Por ALEXANDRE G. DE B. FIGUEIREDO*
O presente e o futuro da Organização das Nações Unidas diante da crise do multilateralismo
Há 75 anos, era fundada a Organização das Nações Unidas, a partir de uma coalização ampla de forças que derrotou o nazi-fascismo. No último dia 22 de setembro, o tema proposto para a Assembleia das Nações reafirmava o “compromisso coletivo com o multilateralismo”. Junto com as palavras do Secretário-Geral António Guterres em prol da cooperação internacional, esse tema é mais uma carta de intenções diante de um cenário adverso: o aniversário da ONU se dá ante o deliberado ataque norte-americano contra o multilateralismo.

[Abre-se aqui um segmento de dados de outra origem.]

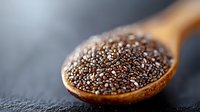 Organic chia seeds in wooden spoon on dark background, macro shot of healthy superfood rich in omega-3 fatty acids and fiber, food photography.
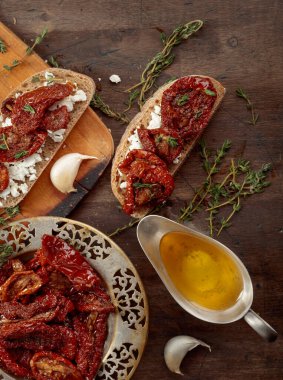 Ev yapımı kurutulmuş domatesli ve süzme peynirli sandviç. Güneş yağında kurutulmuş domates kekik ve eski ahşap bir masada sarımsak. Üst görünüm.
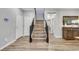 Elegant staircase with wood steps and dark railings, complemented by neutral walls and modern lighting at 10184 Fire Skye Ave, Las Vegas, NV 89166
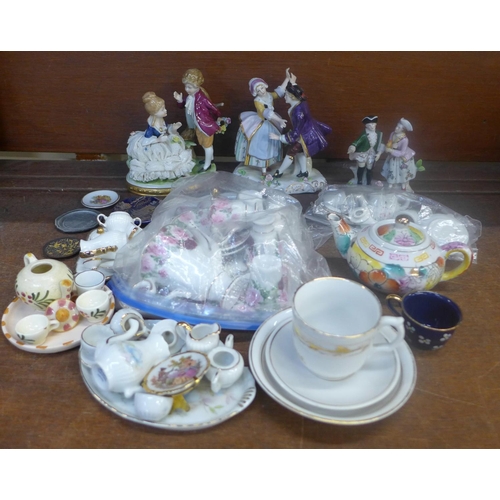 675 - Three continental figure groups and a collection of miniature tea sets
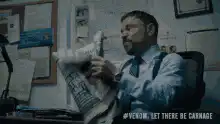 Man throws cat in trash can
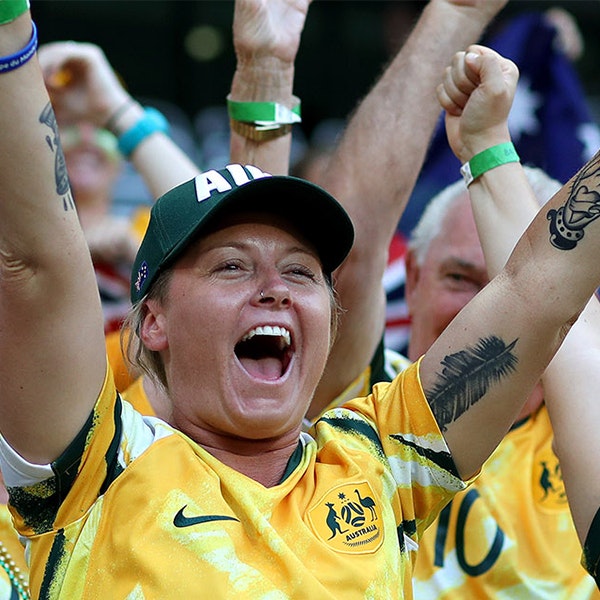 An Australian soccer fanning wearing the green and gold jersey smiling with their arms up in the air in celebration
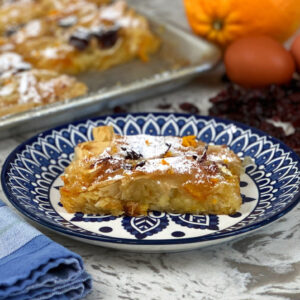 Phyllo pie on blue plate with fork orange eggs and dried cranberries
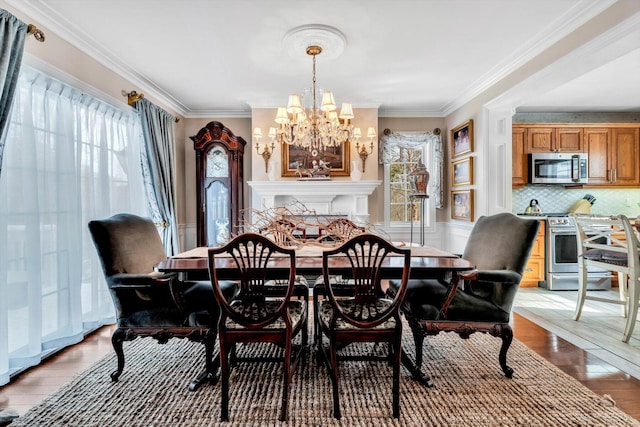 13 Old Colony Way, Provincetown, MA 02657 - dining space featuring a chandelier, plenty of natural light, light wood-style floors, ornamental molding, and wainscoting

Por décadas, os EUA fizeram a defesa (no plano do discurso) de uma ordem liberal e democrática. Como lembra Perry Anderson, se no oriente a Guerra Fria era definida como uma disputa entre capitalismo e comunismo, no ocidente, os EUA a apresentavam como a luta entre um “mundo livre” e o “autoritarismo”. Pelo menos até 1989, porque depois a defesa aberta dos valores do mercado veio sem a fantasia de liberdade[i]. Quem não se lembra do triunfalismo exibido por Francis Fukuyama no texto que seria o best-seller acadêmico da vitória final dos Estados Unidos e do mundo construído por eles?
Era uma visão embebida de um triunfalismo cego: o “fim da história” havia chegado com a derrota final dos oponentes do capitalismo. Os rivais do liberalismo haviam demonstrado na prática sua ineficiência e invariavelmente cederiam terreno à forma mais evoluída da consciência humana. Esse novo mundo surgido do último grande confronto ideológico seria governado por um “Estado Homogêneo Universal”. As mercadorias circulariam livremente, as pessoas buscariam a felicidade através da satisfação de suas necessidades (vistas pelo prisma do consumo, como cabe a um bom liberal) e a paz universal seria enfim uma realidade.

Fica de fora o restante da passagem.